Filter
Underneath the volcano plot you find the Filter section (figure 54). You can filter feature table, volcano plot and heat map based on minimum and maximum fold changes, and on regular p-values or FDR p-values depending on the volcano plot p-value selection. You can enter or paste values in the field to adjust thresholds, or you can use the horizontal and vertical bars on the volcano plot to do this.
Figure 54: Adjust fold change and p-value, apply advanced filtering and select a biological insights filter to narrow down the list of genes or miRNAs.
Additional filtering options are available from the Advanced filters button. In the resulting dialog, you can filter on biotypes (when available), minimum, mean and maximum CPM ((Counts per Million, TMM-adjusted) values for each sample group, and minimum, mean and maximum CPM values across groups (figure 55). You can apply multiple filters, one at a time:
- Select criterion
- Select operator and enter value, or select one or more biotypes
- Click Add filter
Figure 55: With Advanced filters, you can filter on biotypes and CPM expression values.
Each advanced filter is added as a filter tag below the dialog table and can be removed again by clicking the 'x'.
Once you have added the desired filters, click Apply filter criteria to feature list to close the dialog.
An badge next to the Advanced filters button indicates the number of applied advanced filters (figure 54).
Text below the regular filter fields signals whether a biological insights filter has been applied.
Click on Save to save the filter including biological insights and advanced filtering.
Click on Reset to reset filtering, or choose one of your previously saved filters from the drop-down list on the right.
P-value and FDR p-value
- P-value. Standard, uncorrected p-value. Genes/transcripts that are not observed in any sample have undefined p-values and are reported as '-'.
- FDR p-value. The false discovery rate corrected p-value. The FDR-corrected p-value will always be larger than the uncorrected p-value.
The differential expression analysis includes the step Filter on average expression for FDR correction. This filters away some genes prior to the FDR correction. As a result, those genes will have undefined FDR p-values, reported as '-'.

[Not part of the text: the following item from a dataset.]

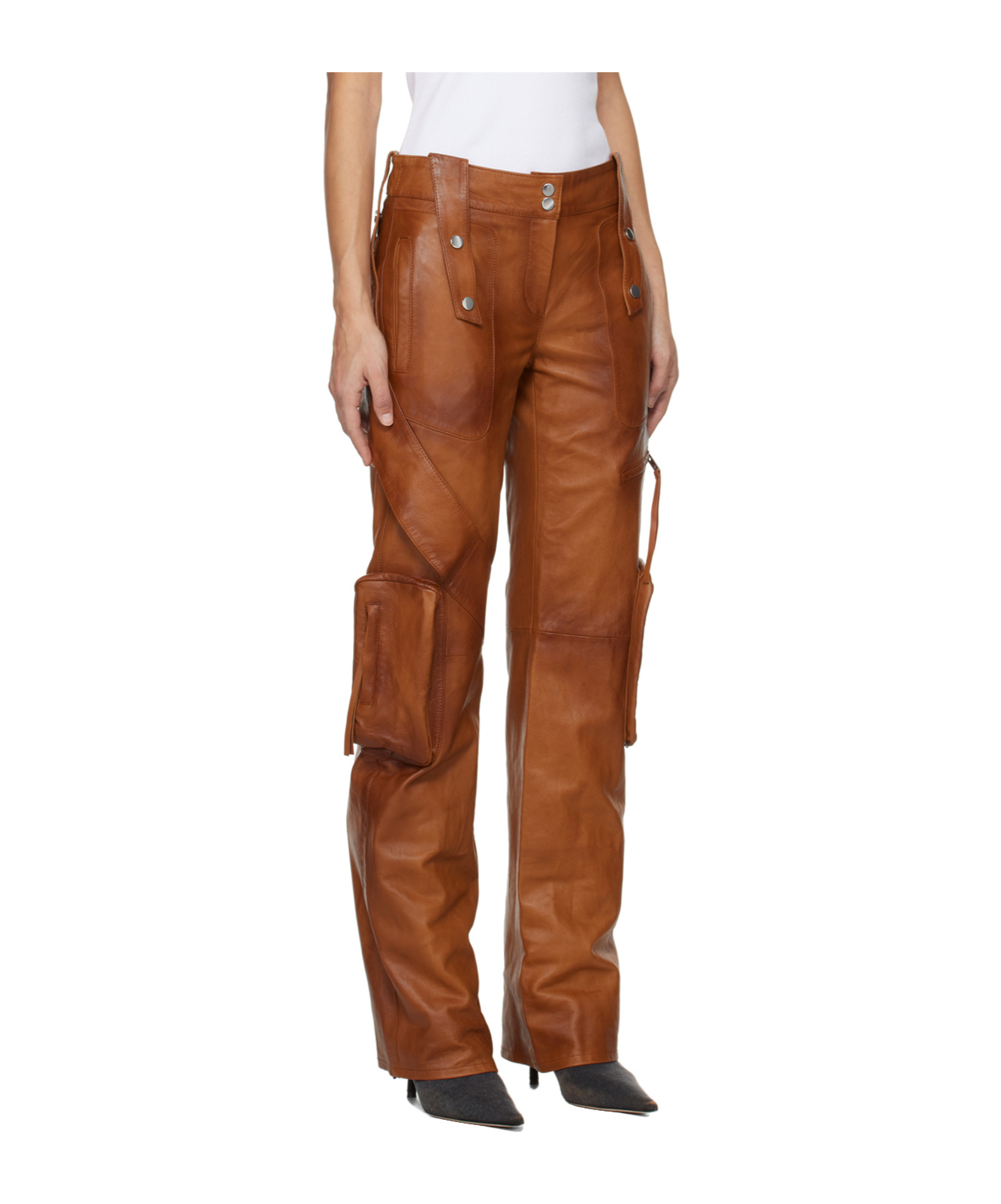 Blumarine Snap Belt Loop Casual Pants In Brown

The p-value controls the chance of getting a false positive result. When you apply a statistical test and use a p-value cut-off of 0.05, you should expect 5% of your significant results to be false positives.
When you carry out many tests, e.g. test differential expression for many genes in one experiment, you run into the multiple testing problem: If in a multiple-test scenario 10000 tests turn out significant and for each of these you use a 0.05 p-value cut-off, in total you should expect 500 of those significant results to be false positives. This approach may not be useful in practice.

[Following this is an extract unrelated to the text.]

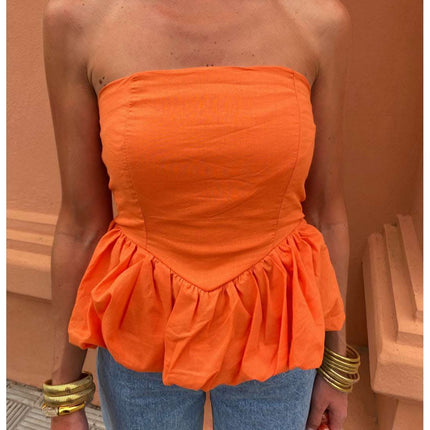 Y2g Tube Top Stitching Sexy Bubble Top Fendax 0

The False Discovery Rate (FDR) p-value addresses this problem and allows you to control the overall false positive rate in the multiple testing scenario. In this approach it is not the chance of making a false positive call in each individual test that is being controlled, but rather the proportion of false positive tests among all significant test. When you use a FDR-corrected p-value cut-off of 0.05, you should expect 5% of your significant tests to be false positives. Mathematically, the FDR-corrected p-values are obtained from examining the distribution of the traditional p-values across all tests performed, and identifying cut-offs between significant and non-significant values.
Typically, the standard p-value is used in cases where only a few tests are being performed in parallel, whereas the FDR corrected p-value is used when many tests are being performed. Analyzing differential expression across many genes or miRNAs is a example of the latter, i.e. for this use case, the FDR p-value is normally recommended. Using the FDR p-value will result in fewer false positive calls, without much loss of sensitivity.